Corée du Sud, années 1930. Sur l’île de Jeju, la plongée et la pêche sous-marine rythment le quotidien des femmes. Dans cette société matrifocale, les haenyeo travaillent pour subvenir aux besoins de leur famille pendant que les hommes s’occupent des enfants. Unies par leur amour de la mer, Mi-Ja et Young-sook, deux filles aux caractères opposés, aspirent à prendre la relève de leurs aînées. Au fil des ans, elles nouent une amitié profonde jusqu’à se considérer comme sœurs. Mais alors que la Seconde Guerre mondiale ébranle l’île, les premières dissensions apparaissent…

✊🏽 Personnages asiatiques


Chronique réalisée en toute honnêteté suite à un partenariat avec Pygmalion. Merci à Julie pour sa confiance.

L’île des femmes de la mer de Lisa See est un roman éminemment intéressant qui permet de nous pencher sur une histoire peu mise en avant par la culture occidentale : celle de la Corée du Sud. Mais, plus spécifiquement de l’île de Jeju, qui est une des seules sociétés matrifocales du monde. En lisant le résumé, j’avoue avoir confondu dans ma tête le terme « matrifocale » avec le « matriarcat », or, il s’agit de deux choses différentes. Dans une société matriarcale, ce sont les femmes qui sont majoritairement au pouvoir, qui ont la plupart des postes importants, en outre, il s’agit de l’inverse du patriarcat. Les sociétés matrifocales sont très différentes : les femmes ne sont pas les figures les plus importantes de la société, toutefois, il s’agit de celles qui ont l’autorité sur la sphère domestique. La famille est directement fondée autour de la femme. D’un autre côté, la femme doit donc ramener de l’argent, tandis que l’homme est amené à garder les enfants et à laisser son travail de côté jusqu’à l’âge avancé de l’enfant. On voit très bien dans L’île des femmes de la mer que la femme n’est pas pour autant avantagée. Les filles ne vont pas à l’école, ce sont seulement les garçons qui reçoivent une instruction. Le seul travail qu’elles peuvent effectuer sur l’île, c’est la plongée : les femmes doivent devenir des haenyeo.
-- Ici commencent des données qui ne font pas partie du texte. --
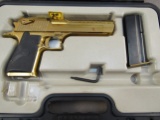 handgun: MAGNUM RESEARCH Desert Eagle, Semi-Auto Pistol, .50 cal, 7 shot, 6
D’un côté, par conséquent, ce roman nous permet de découvrir une autre culture et une société très différente de la nôtre. Il est important de mettre en avant des structures familiales différentes de ce que l’on connaît en Occident pour découvrir toutes les différences en fonction de l’histoire de chaque pays. Mais l’île des femmes de la mer, c’est aussi un récit d’amitié, émanant d’un monde où la cohésion sociale est vivement mise en avant. Nous suivons Young-Sook et son amie Mi-ja tout au long du XXe siècle, en fonction de leur âge et de leur évolution. On aime suivre leur évolution, leurs bêtises lors de leur enfance, et ensuite, tout ce qu’elles doivent traverser à l’âge adulte, notamment avec la Seconde Guerre mondiale… On suit en même temps l’histoire de la Corée, en-dehors de l’île matrifocale, la présence des japonais et tout ce que la guerre inclue. D’un autre côté, le sexisme environnant la vie des jeunes femmes nous permet d’observer que les sociétés matrifocales ne sont pas forcément matriarcales. Les deux jeunes femmes sont mariées de force et ne peuvent pas vivre leur vie comme elles le veulent car elles restent des femmes dans une société aux pans patriarcaux.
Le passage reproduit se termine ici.